Police will be taking no chances after a previous anti-labour reform demonstration turned violent earlier this month, leaving 29 police officers injured and a children's hospital vandalizing as rioters went on a rampage.
 
Some 2,500 police officers will be on hand to monitor Tuesday's protest, with extra officers to be stationed outside the Pitié-Salpétrière hospital which is along the demo route. 
 
Paris kids hospital hit as French rioters go on rampageScenes from a demo earlier this month. Photo: AFP
 
Protesters staged a much calmer demonstration on Thursday, which police confined to a small loop near Bastille that was under extreme police supervision.

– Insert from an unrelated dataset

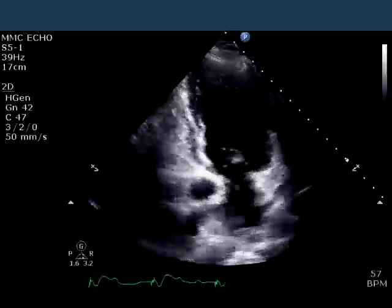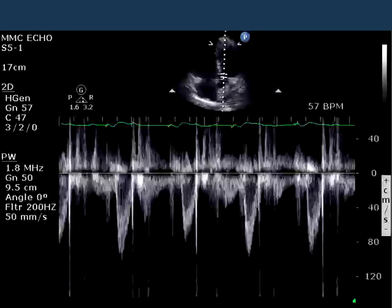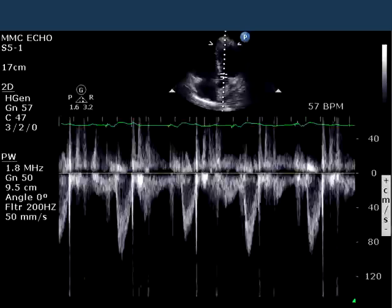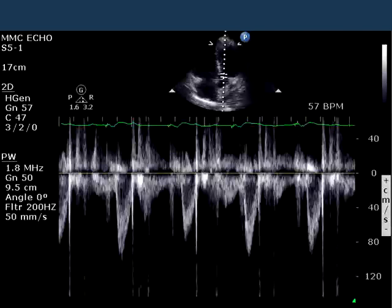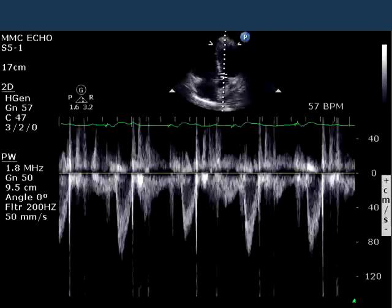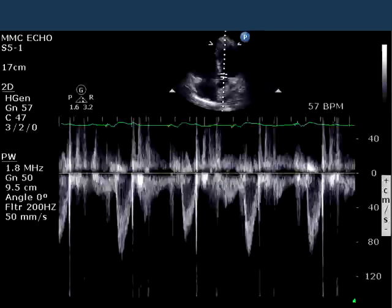In the next slide, you can see pulse-wave Doppler with the sample volume placed in the left ventricular outflow tract in the five-chamber view. Despite the fact that the R-R intervals are regular, the envelopes are varying in size — some as low as 80 centimeters per second, some down to about 100 centimeters per second.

Although police did arrest around 100 people for carrying objects that could be used as missiles.

Tuesday's protesters will have to go through police frisks and bag checks before entering the demo, as they did last week.  
 
Unions are protesting a series of deeply-unpopular labour market reforms which Prime Minister Manuel Valls had to force through parliament in May to avoid a vote, even after significantly watering down the bill.
 
The government's disputed labour reforms have seen protests across France since March, with many descending into violence, notably in Paris and the western cities of Nantes and Rennes.
 
A recent survey found that two in three French people are opposed to the labour bill, which essentially will make it easier for companies to fire and hire workers.
 
And if the last protest was anything to go by, demonstrators won't be giving up anytime soon.
 
"We won't stop until they understand," one marcher told The Local on Thursday. "We are determined and mobilized."  
 
While the government believes the new reforms will help create jobs, opponents believe the loosening of France's notoriously rigid labour code will lead to greater job insecurity.
 
However for many, the protests have not only been about the labour reforms but capitalism in general and the growing inequality between the rich and the poor.